What has it been like for you to see these songs by the Nat Turner Rebellion finally get out into the world?
This is kind of a dream for any archivist.
A lot of times you think of archival stuff sitting in a shelf and just being saved for no apparent reason and here you have this wonderful music that surprisingly hasn't been heard much other than in the small collectors market.
So, for me, it's a joy to be able to bring this out to light and have the world be able to hear this work that was incredibly well done. It just didn't get through the politics of a record label at the time.
Why weren't these tracks released in the late '60s and early '70s when they were recorded?
When you look at the label, the Philly Groove label, at the time, their first hit record was the Delfonics. I feel like that was the direction the label wanted to do.
They were competing against Gamble and Huff and all those soul records. And here you had a group like the Nat Turner Rebellion, which was more like Sly Stone. They were much more of a funk-based band and the label kind of wanted to turn them into the Delfonics.
The music on this album — it kind of goes back and forth as they try this direction, they tried that direction, and they never came to a consensus.
Can you tell me about the name — the Nat Turner Rebellion. Where does that come from?
It's named after a famous slave revolt of 1831 that happened in Virginia [led by enslaved preacher Nat Turner].
Joe Jefferson, who started the band, is from Virginia. This is a cultural event that the world knows as this uprising. Now, it was a horrible outcome and [there were] many, many deaths. But in the same sense, it's representative of the black struggle in America.
So for a 1969 band to name themselves after that event — not only that, but Joe Jefferson went on stage as Nat Turner — it was an interesting statement at the time.

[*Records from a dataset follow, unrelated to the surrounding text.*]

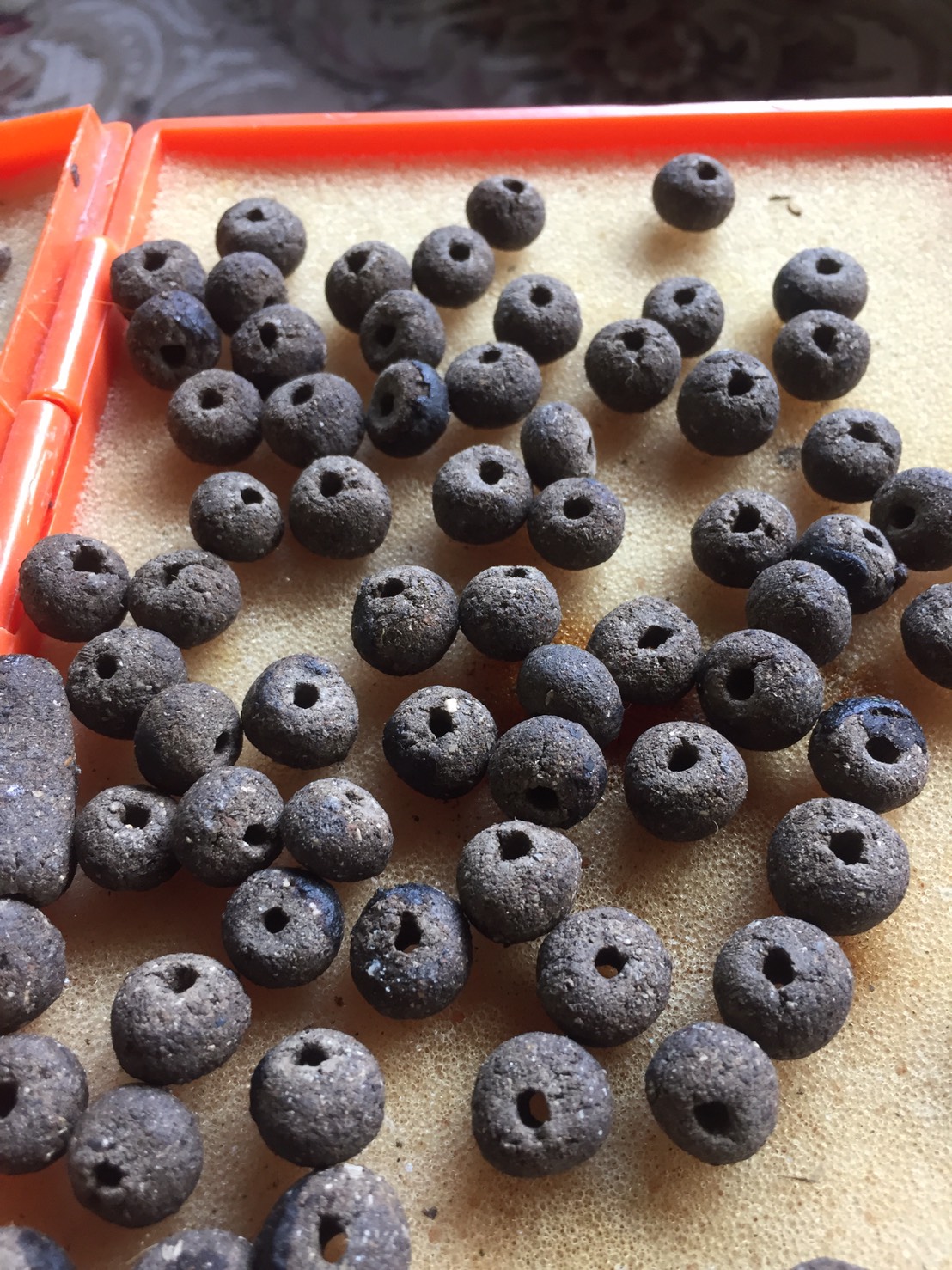 เม็ดประคำผงพราย 59ตน อาจารย์เปล่ง บุญยืน ยุคต้น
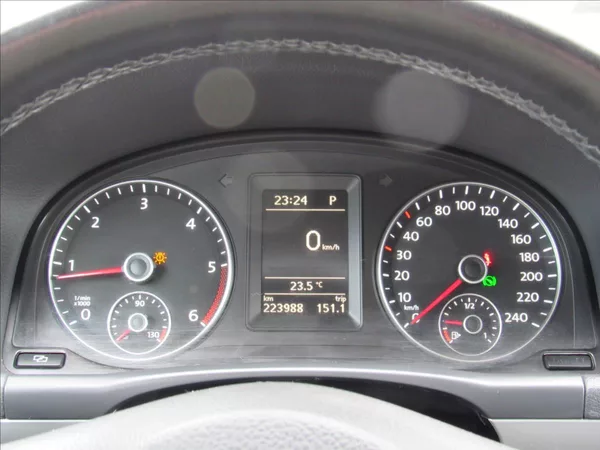Volkswagen Touran 2,0 TDI 103kW DSG - foto 13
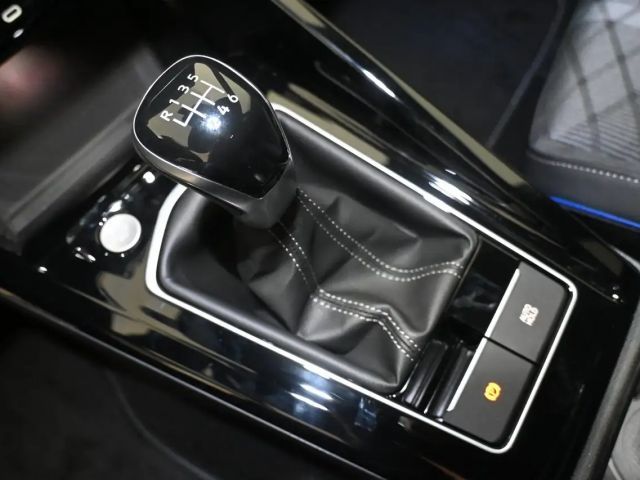 Volkswagen Golf Sport Variant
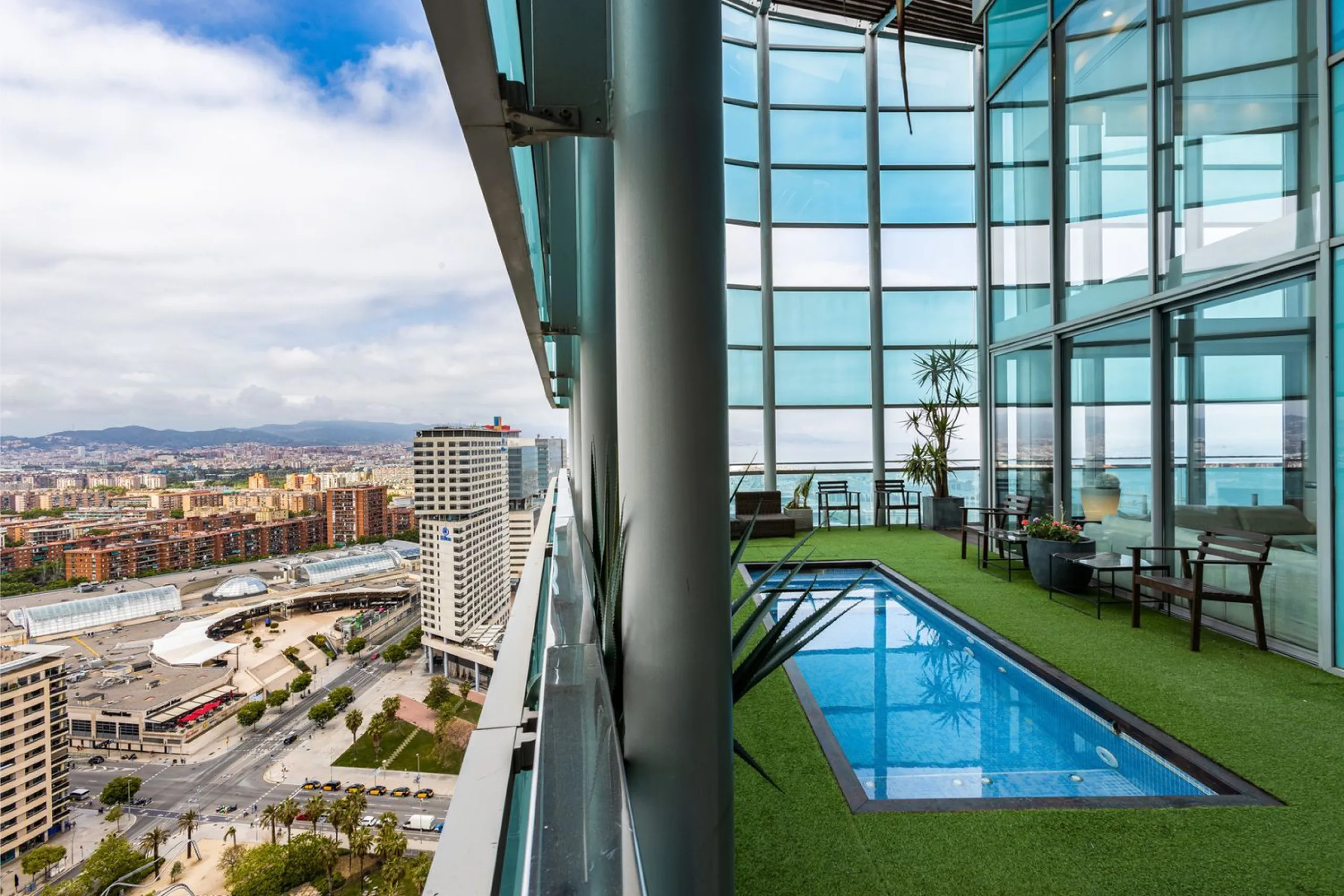 Ático en altura con terraza panorámica en Diagonal Mar, Barcelona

And, you know, they weren't really a confrontational and in-your-face kind of a band. But they started the conversation that way, which I think was fascinating.
One of the songs on the first Nat Turner Rebellion tape that you listened to was called Tribute to a Slave. What did you think when you first heard that song?
That was the first song I heard of the collection. This "my friend Nat" line, where you know they're invoking the spirit. It's obvious that Nat Turner is a representative of the struggle that black Americans were going through.
My favourite line in the song, though, is: "You might be here with us, in the midst of all this fuss."
That, to me, just kind of hooked me to that song right then and there.
An NPR reviewer looking at the album says it's all over the map stylistically. Do you think this album would have ever made it to the shelves back when it was recorded?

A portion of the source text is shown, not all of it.